An exact copy of every record below is needed, with the pictures left out.

[Saved entries]
-=-=-
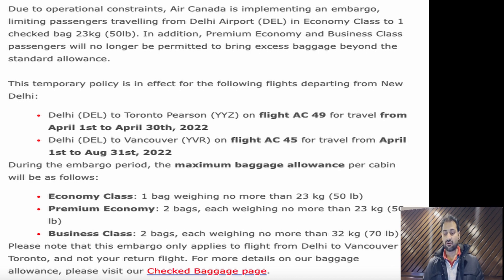This temporary policy is in effect for the following flights departing from New Delhi: Delhi to Toronto on flight AC-49, their direct flight, traveling from 1st April to 30th April. For Vancouver, it's Delhi to Vancouver on flight AC-45, from April 1st to 31st of August — so the Vancouver embargo runs from April 1st through August 31st.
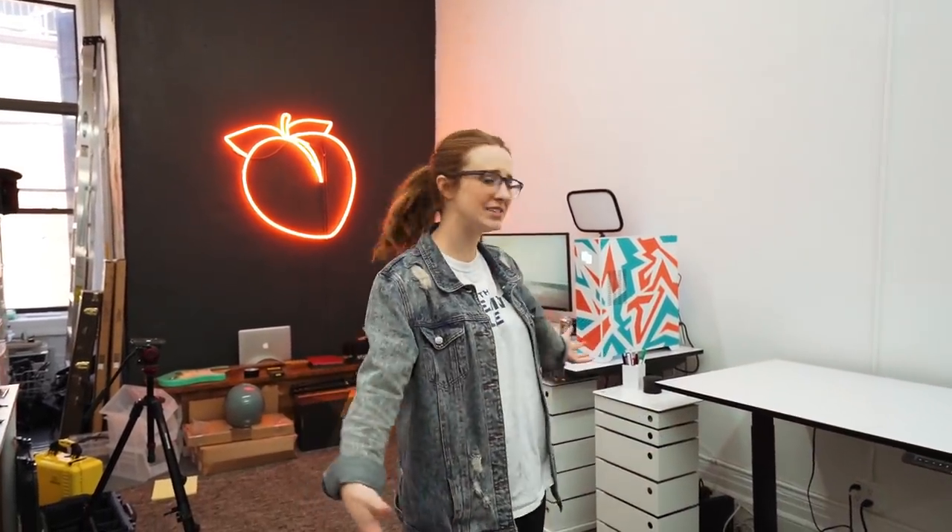Hello everyone, my name is Sara Dietschy, rhymes with Peachy. How do you do? We are in Peachy Enterprises in the great New York City. This is my office and these are my two desk setups. One is not like the other.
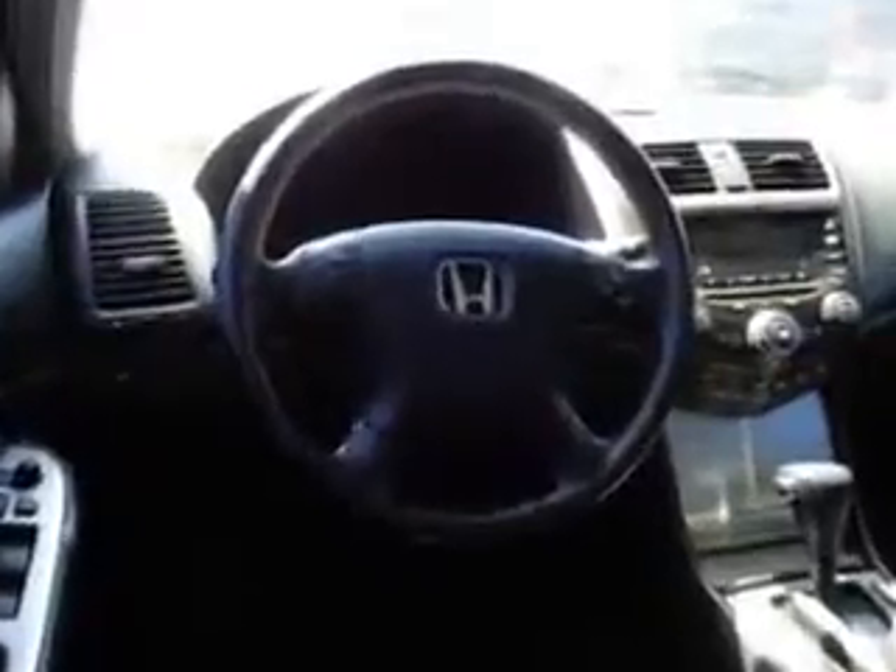Additional features include power driver and passenger seating, heated front seats, rear bench seat, on-steering-wheel audio and cruise controls, and much more. Enjoy the drive and have peace of mind in this 2004 Honda Accord.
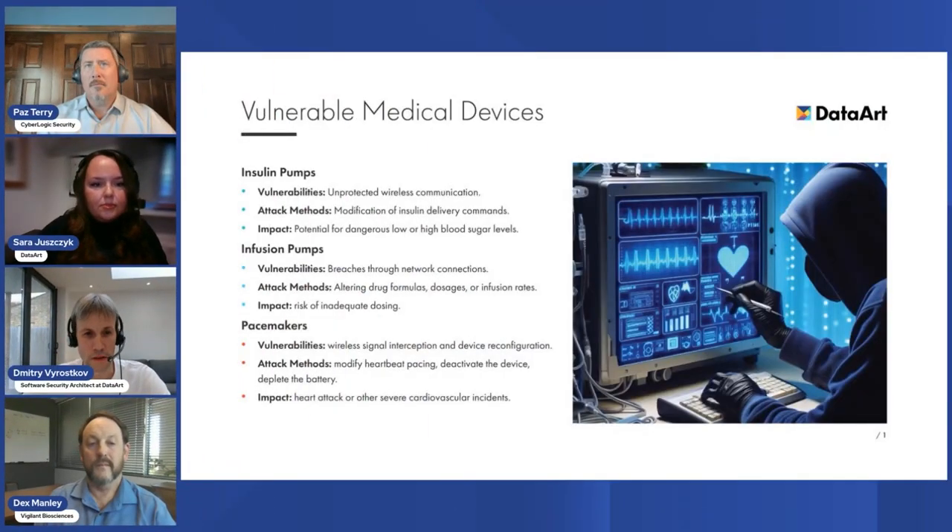FDA implemented these changes to address a critical need for better security in medical devices. As these devices become more connected — whether to the internet, hospital networks, or each other — their vulnerability to cyber attack grows. This connectivity is great for patient care because it allows more efficient and coordinated treatment, but it opens up new risks. If someone hacks into a medical device, they could potentially mess with how the device works, which may cause direct harm to the patient.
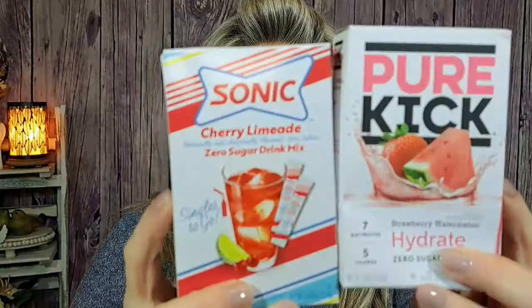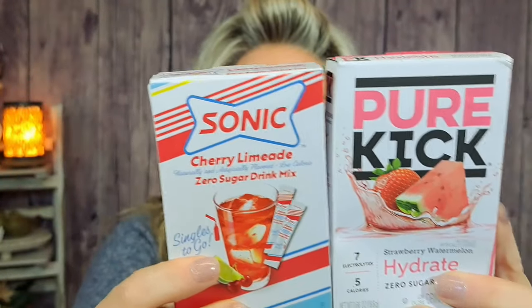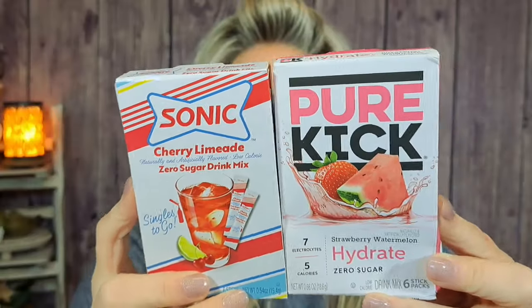I always pick up drink mixes when I go there. I love this Sonic Cherry Limeade, and I also love this Watermelon Strawberry Pure Kick. Zero sugar in both — you get electrolytes in the Pure Kick mix. There are six sticks in each package, and neither one has sugar in it. They didn't have the blue one I usually get, but they had Cherry Limeade so I'm going to try it. I absolutely love these and get them all the time.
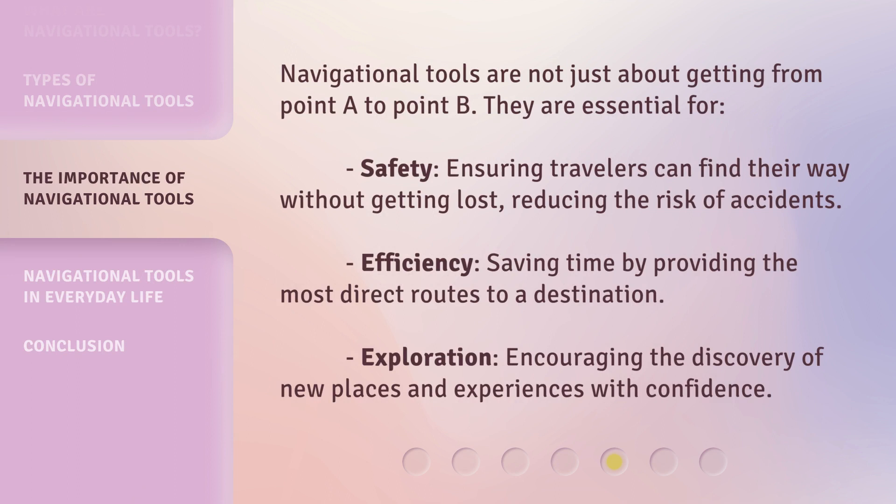Navigational tools are not just about getting from point A to point B — they are essential for safety, ensuring travelers can find their way without getting lost and reducing the risk of accidents. They also provide efficiency, saving time by providing the most direct routes to a destination, and encourage exploration, inspiring the discovery of new places and experiences with confidence.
-=-=-
Response to the exercise:
This temporary policy is in effect for the following flights departing from New Delhi: Delhi to Toronto on flight AC-49, their direct flight, traveling from 1st April to 30th April. For Vancouver, it's Delhi to Vancouver on flight AC-45, from April 1st to 31st of August — so the Vancouver embargo runs from April 1st through August 31st.
Hello everyone, my name is Sara Dietschy, rhymes with Peachy. How do you do? We are in Peachy Enterprises in the great New York City. This is my office and these are my two desk setups. One is not like the other.
Additional features include power driver and passenger seating, heated front seats, rear bench seat, on-steering-wheel audio and cruise controls, and much more. Enjoy the drive and have peace of mind in this 2004 Honda Accord.
FDA implemented these changes to address a critical need for better security in medical devices. As these devices become more connected — whether to the internet, hospital networks, or each other — their vulnerability to cyber attack grows. This connectivity is great for patient care because it allows more efficient and coordinated treatment, but it opens up new risks. If someone hacks into a medical device, they could potentially mess with how the device works, which may cause direct harm to the patient.
I always pick up drink mixes when I go there. I love this Sonic Cherry Limeade, and I also love this Watermelon Strawberry Pure Kick. Zero sugar in both — you get electrolytes in the Pure Kick mix. There are six sticks in each package, and neither one has sugar in it. They didn't have the blue one I usually get, but they had Cherry Limeade so I'm going to try it. I absolutely love these and get them all the time.
Navigational tools are not just about getting from point A to point B — they are essential for safety, ensuring travelers can find their way without getting lost and reducing the risk of accidents. They also provide efficiency, saving time by providing the most direct routes to a destination, and encourage exploration, inspiring the discovery of new places and experiences with confidence.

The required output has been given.